Animal husbandry is primarily for dairy and meat products. At the beginning of 1971 there were 1,028,300 cattle (including 409,600 cows), 1,002,700 pigs, and 268,900 sheep and goats. Poultry raising and fishing have developed in the region of the Sea of Azov.
Donetsk Oblast has a dense network of railroads (1,618 km in 1970). Moreover, there are 2,361 km of tracks serving mines, plants, and other enterprises. The oblast is first in the USSR in railroad density (61.1 km per 1,000 sq km) and freight traffic. The main trunk lines and routes have been electrified—including the Donbas-Moscow line (Donetsk-Slaviansk-Lozovaia-Kharkov) and the Donbas-Dnieper Region line (Lasnovataia-Chaplino-Dnepropetrovsk-Krivoi Rog).
Of the freight turnover, 50 percent is shipped out (in 1970, coal, as well as metal, machinery, refractory materials, cement, glass, and chemicals).
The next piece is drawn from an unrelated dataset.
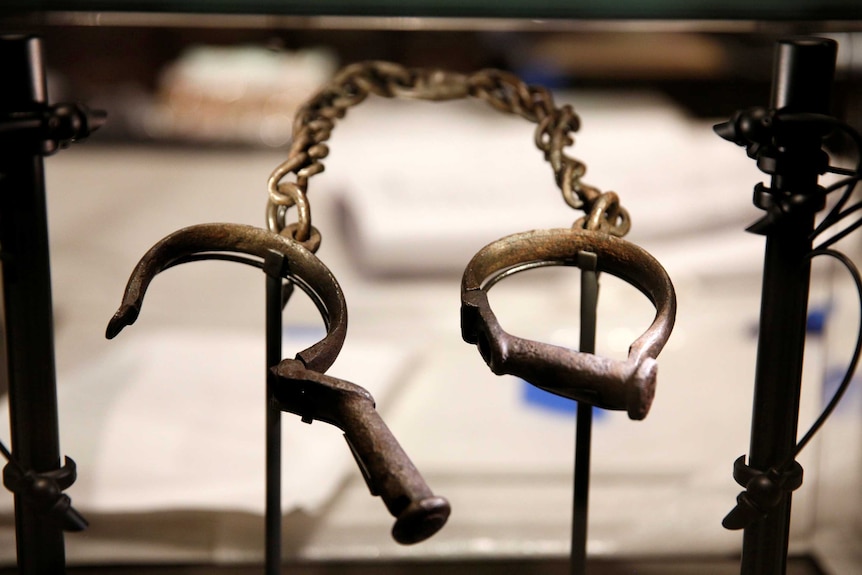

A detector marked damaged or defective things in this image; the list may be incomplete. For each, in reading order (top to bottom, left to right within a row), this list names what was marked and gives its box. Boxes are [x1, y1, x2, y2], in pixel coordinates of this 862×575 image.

rusted manacle [106, 222, 452, 544]
rusted manacle [462, 227, 680, 420]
Among the goods shipped into Donetsk Oblast are iron ore, petroleum products, lumber, machinery and equipment, products of light and food-processing industries, and agricultural products.
In 1970 there were 8,000 km of motor vehicle roads, including 5,400 km of paved roads. Pipelines are well developed. (Gas is brought to Donetsk, Zhdanov, and other cities from Krasnodar Krai and into Slaviansk from Kharkov Oblast.) There are airports at Donetsk and Zhdanov, and there is a major maritime port at Zhdanov on the Sea of Azov.
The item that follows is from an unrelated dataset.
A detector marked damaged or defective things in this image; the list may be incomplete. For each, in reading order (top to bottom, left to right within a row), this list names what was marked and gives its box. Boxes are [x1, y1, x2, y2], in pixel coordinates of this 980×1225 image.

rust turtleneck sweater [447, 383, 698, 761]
Education, cultural affairs, and public health. During the academic year 1914-15 the territory of Donetsk Oblast had 1,003 schools with an enrollment of 94,700 pupils. By comparison, during the academic year 1970-71 there were 1,783 general education schools with an enrollment of 878,500 pupils, 139 vocational technical schools with 68,000 pupils, and 85 specialized secondary educational institutions with an enrollment of more than 104,000 pupils. There are approximately 70,000 students in nine higher educational institutions—Donetsk University, Donetsk Polytechnic Institute, medical, Soviet trade, and music pedagogical institutes in Donetsk, pedagogical institutes in Gorlovka and Slaviansk, an industrial institute in Kramatorsk, and a metallurgical institute in Zhdanov. In 1970 approximately 225,000 children were trained in 2,150 preschool institutions.
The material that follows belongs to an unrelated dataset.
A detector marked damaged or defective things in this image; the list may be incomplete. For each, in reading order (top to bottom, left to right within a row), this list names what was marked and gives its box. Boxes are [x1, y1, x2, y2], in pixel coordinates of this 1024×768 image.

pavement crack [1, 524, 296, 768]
As of Jan. 1; 1971, there were 1,584 public libraries (more than 22 million copies of books and journals), in Donetsk Oblast, as well as 1,094 clubs. There are six museums: museums of local lore in Donetsk (with a branch in Makeevka) and Zhdanov and an art museum in Donetsk (with branches in Kramatorsk and Gorlovka). The oblast has four theaters and 1,338 motion-picture theaters. Extracurricular institutions include two Pioneer palaces, 39 Pioneer houses, 14 young technicians’ stations, eight young naturalists’ stations, 16 children’s sports schools, and an excursion and tourist station (organizational and educational centers for excursions, tours, and regional studies work for students). The oblast newspapers are Radians’ka Donechchina (Soviet Donets, in Ukrainian, since 1945), Sotsialisticheskii Donbass (since 1917), and Komsomolets Donbassa (since 1920). The radio and television stations carry broadcasts in Ukrainian and Russian on two local radio and two television programs and relay broadcasts from Kiev and Moscow. The television center is in Donetsk.
As of Jan. 1, 1971, there were 299 hospitals in Donetsk Oblast, with 55,700 beds (11.2 beds per 1,000 inhabitants), and there were 11,900 physicians (one physician per 414 inhabitants).
REFERENCESDonetskaia oblast’ za 50 let: Statisticheskii sb. Donetsk, 1967.
Istoriia mist i sil Ukrain’skoi RSR: Donets’ka oblast’. Kiev, 1970.